Visually, the aim was to keep the layout as simple as possible whilst providing all the required functionality. This was done so that the application does not appear cluttered and daunting to potential novice users but still enabling access to finer levels of input and accurate structural modelling and sensible sizing of structural elements.

The UI was structured to enable the application to be used both on a PC with keyboard and a mouse and on touchscreen phones and tables (iOS or Android based). It was tested in Mozilla Firefox, Chrome and Internet Explorer (later versions enabling HMTL5 support). No major incompatibilities between different systems were encountered.

As with most structural analysis applications, the UI is split into two main elements – input of data and output of results. The main input screen enables the user to select elements (in order to edit their properties) or delete them by double-clicking or double-tapping. It also enables the user to input the general information about the project such as name, ref number etc.

Figure 3‑11 - Main input screen

The structural elements available for input include beams, supports, line and point loads. All are inputted graphically by clicking on the main drawing canvas. By default a 1m major grid is enabled and all clicks are snapped to it. It is possible to turn it off and a 0.1m minor grid is also available for higher precision. The canvas can be zoomed in and panned. Using the minor and major grid as well as zooming and panning, it is possible to easily input and model various structural problems with 0.1m accuracy either on a PC or on touch-screen devices.

Numerical data/properties are inputted through a table/form displayed on the right hand side of the screen. The contents of the form changes to suit the currently selected element. Also, for beams, the form changes to accommodate different types of input required for defining different types of beams. Please see the forms reproduced below.

Figure 3‑12 Supports and Loading Input Forms

Figure 3‑13 Beam Data Input Forms

The application provides the following output:

  • a. AxialForces
  • b. Shear Forces (in-plane)
  • c. Shear Forces (out-of-plane)
  • d. Bending Moments (in-plane)
  • e. Bending Moments (out-of-plane)
  • f. Torsion
  • g. Deformations (in-plane)
  • h. Deformations (out-of-plane)
  • i. Reactions
  • j. Matrices:
    • i. Structure Stiffness Matrix
    • ii. Location Matrix
    • iii. Load Vector
    • iv. Member Matrices
    • v.Global Displacement Matrix
    • vi. Member End Forces
      • (n.b. matrices are outputted with the selected input load case to enable output of lower level data such as member matrices, etc)
  • k. Member Sizing

A single screenshot is presented below showing a typical bending moment diagram for a portal frame subject to a point load at mid-span.

Figure 3‑14 Typical Output Diagram (BM diagram)

Treatment of frames and grillages

The main plane of the screen is treated as an x-y plane, and the z axis is taken to be perpendicular to it. Loading can be inputted in all three axis and results can be obtained in-plane and out-of plane. This enables the analysis of both plane frames and grillages depending on how data is inputted.

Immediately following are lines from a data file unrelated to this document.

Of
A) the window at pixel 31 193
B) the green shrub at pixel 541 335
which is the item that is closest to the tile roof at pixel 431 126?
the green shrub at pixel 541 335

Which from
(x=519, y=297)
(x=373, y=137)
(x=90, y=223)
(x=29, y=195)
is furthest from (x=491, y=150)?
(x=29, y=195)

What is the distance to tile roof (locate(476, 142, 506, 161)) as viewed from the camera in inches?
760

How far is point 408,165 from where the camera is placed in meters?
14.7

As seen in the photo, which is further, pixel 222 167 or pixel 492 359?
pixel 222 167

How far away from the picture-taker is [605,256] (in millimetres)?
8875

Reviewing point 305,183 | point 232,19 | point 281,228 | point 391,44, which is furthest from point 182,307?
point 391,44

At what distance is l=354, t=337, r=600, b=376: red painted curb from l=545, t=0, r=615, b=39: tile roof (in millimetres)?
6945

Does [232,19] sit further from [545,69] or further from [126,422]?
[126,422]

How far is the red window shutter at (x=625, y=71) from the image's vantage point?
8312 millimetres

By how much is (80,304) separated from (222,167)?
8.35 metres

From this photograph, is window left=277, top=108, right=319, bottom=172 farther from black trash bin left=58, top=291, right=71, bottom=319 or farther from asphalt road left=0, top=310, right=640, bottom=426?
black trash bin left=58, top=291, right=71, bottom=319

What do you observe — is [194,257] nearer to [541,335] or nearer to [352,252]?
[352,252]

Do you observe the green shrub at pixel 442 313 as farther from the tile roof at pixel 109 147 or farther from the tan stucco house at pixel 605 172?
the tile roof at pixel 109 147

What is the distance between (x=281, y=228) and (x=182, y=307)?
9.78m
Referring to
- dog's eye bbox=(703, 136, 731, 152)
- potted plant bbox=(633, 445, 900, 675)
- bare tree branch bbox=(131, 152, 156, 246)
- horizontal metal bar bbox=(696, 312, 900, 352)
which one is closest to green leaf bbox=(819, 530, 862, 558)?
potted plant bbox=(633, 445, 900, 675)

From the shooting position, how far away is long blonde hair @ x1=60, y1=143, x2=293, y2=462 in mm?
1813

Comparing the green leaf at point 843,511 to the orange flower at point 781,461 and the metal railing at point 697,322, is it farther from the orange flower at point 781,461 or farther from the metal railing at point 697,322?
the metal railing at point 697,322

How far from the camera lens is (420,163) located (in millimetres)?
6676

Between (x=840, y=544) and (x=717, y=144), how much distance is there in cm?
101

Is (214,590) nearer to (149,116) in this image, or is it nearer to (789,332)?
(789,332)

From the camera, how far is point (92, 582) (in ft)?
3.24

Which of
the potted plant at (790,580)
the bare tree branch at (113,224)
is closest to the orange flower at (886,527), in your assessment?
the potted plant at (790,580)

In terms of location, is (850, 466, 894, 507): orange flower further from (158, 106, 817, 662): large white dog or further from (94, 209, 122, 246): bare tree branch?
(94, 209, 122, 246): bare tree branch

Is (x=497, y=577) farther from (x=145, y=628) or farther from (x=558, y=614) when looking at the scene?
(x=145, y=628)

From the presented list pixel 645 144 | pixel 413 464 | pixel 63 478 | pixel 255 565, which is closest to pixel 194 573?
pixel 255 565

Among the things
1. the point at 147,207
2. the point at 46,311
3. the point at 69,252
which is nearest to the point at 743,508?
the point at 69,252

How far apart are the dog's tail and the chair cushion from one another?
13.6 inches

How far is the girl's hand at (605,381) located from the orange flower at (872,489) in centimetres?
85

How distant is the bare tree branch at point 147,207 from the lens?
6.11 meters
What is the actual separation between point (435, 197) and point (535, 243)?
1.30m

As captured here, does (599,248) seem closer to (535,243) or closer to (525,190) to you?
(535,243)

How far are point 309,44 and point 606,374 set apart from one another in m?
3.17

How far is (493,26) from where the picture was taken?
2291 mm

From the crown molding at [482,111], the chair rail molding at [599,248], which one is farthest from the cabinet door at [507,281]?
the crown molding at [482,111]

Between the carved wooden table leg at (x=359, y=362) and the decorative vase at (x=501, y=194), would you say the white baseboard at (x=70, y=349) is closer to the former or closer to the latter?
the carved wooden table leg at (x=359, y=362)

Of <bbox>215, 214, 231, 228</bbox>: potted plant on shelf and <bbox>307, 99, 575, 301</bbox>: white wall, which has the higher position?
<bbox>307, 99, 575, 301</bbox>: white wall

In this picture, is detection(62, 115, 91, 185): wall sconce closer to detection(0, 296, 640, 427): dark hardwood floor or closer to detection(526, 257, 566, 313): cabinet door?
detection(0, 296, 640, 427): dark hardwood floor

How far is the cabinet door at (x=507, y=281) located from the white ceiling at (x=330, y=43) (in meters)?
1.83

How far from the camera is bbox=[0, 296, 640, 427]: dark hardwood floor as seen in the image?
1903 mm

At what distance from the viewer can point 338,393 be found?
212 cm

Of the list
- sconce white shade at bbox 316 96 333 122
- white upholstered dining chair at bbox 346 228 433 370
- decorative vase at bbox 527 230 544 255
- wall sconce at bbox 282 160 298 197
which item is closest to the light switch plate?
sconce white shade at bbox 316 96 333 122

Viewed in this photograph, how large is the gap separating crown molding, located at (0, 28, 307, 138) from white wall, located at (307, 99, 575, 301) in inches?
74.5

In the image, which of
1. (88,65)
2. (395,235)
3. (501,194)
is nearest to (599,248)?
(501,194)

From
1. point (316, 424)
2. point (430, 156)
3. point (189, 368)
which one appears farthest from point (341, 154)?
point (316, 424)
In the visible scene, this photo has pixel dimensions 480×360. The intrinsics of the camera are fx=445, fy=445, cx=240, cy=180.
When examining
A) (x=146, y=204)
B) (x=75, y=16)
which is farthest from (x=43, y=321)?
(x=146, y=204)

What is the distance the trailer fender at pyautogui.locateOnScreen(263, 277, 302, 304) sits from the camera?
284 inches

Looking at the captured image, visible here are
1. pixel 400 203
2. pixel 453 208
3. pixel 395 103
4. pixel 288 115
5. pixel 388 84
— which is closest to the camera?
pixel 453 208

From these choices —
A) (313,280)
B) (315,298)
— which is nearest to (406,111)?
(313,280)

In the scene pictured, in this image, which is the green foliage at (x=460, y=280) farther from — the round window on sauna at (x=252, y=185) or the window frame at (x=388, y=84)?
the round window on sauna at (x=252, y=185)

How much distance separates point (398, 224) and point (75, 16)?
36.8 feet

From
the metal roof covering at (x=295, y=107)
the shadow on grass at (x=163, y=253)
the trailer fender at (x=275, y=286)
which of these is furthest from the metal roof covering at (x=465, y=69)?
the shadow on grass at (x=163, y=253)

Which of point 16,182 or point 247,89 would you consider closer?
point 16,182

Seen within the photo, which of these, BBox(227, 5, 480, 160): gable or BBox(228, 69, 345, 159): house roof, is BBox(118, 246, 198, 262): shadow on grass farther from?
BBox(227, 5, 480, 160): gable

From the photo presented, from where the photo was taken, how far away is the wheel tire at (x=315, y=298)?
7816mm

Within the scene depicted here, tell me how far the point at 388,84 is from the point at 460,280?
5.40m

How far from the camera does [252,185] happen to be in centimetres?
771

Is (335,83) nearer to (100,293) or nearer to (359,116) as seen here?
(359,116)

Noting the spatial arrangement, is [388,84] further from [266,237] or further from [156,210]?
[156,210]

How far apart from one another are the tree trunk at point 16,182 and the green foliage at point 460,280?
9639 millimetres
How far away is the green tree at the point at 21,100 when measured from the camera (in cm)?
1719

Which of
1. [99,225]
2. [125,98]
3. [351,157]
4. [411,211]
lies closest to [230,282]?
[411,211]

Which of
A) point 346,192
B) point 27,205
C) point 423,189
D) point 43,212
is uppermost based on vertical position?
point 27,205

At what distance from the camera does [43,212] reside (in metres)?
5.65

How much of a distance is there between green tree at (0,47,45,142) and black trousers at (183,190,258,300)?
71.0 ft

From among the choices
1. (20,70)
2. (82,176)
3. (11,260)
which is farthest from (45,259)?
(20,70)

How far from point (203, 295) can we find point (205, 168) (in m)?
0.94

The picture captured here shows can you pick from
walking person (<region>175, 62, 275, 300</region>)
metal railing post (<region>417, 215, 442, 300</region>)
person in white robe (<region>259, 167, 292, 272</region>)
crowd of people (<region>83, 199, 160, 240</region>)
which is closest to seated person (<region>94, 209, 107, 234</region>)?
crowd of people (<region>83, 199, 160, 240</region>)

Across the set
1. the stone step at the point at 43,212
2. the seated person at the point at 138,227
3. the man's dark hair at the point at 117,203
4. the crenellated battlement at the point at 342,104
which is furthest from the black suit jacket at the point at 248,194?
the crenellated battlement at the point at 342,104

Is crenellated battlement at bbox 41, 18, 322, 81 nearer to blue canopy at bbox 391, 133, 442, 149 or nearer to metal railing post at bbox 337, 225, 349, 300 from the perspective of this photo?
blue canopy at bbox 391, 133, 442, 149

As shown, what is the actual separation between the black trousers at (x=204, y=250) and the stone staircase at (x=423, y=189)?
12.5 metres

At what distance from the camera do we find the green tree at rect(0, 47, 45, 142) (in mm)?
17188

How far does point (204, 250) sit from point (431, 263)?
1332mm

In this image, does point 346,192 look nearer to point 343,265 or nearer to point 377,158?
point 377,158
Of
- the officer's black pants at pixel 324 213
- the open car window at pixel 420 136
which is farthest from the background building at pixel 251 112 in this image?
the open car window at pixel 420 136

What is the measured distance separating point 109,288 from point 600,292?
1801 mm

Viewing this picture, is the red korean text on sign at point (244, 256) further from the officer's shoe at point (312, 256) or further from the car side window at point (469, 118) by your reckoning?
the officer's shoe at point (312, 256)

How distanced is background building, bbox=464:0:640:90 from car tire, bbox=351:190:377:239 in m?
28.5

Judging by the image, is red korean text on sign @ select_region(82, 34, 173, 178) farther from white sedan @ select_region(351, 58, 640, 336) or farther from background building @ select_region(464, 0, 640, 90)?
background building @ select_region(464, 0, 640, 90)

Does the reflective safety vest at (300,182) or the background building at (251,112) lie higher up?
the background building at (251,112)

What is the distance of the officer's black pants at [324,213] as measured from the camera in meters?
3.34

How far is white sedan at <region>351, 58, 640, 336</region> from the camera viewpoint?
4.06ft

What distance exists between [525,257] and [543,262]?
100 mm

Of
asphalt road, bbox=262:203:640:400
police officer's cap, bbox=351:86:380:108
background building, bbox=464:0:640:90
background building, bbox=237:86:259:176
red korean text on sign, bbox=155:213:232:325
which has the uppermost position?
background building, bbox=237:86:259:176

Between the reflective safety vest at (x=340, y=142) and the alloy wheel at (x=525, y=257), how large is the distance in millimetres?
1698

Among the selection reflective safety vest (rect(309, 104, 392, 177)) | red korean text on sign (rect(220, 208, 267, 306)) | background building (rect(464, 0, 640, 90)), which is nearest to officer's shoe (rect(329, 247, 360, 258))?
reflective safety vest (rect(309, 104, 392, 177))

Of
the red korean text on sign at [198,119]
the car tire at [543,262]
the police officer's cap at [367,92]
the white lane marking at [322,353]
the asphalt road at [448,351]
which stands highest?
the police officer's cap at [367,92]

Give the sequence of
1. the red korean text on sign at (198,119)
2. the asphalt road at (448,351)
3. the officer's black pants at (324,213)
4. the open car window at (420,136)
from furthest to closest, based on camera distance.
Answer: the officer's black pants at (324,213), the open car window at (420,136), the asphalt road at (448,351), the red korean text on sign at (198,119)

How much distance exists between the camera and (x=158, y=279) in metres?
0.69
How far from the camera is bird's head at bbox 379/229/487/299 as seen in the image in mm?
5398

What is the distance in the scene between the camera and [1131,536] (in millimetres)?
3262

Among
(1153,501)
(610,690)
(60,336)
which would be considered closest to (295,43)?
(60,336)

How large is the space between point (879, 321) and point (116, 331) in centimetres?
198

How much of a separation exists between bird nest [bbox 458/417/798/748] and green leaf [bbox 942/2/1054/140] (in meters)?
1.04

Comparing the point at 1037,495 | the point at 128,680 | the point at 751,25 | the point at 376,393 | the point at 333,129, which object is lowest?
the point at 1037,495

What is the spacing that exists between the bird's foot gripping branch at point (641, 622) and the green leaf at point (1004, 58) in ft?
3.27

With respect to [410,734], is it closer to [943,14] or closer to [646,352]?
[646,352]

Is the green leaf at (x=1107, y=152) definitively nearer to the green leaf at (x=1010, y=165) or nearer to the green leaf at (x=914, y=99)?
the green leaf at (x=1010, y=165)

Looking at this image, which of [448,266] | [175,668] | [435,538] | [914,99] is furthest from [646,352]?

If loads are only inputted in the x and y axes, then the problem is a plane analysis case, and the user should only seek in-plane results. On the other hand, if loading is inputted in the z-axis, then the user should look at out-of-plane member forces. Obviously, it is possible to combine both and get results in both directions to analyse, for example, a frame subject to both vertical (gravity) and out-of-plane lateral loading (e.g. wind).

A switch within the beams input form allows the user to set the orientation of the beam, or more precisely, select whether the major axis of a beam sits in-plane or out-of-plane.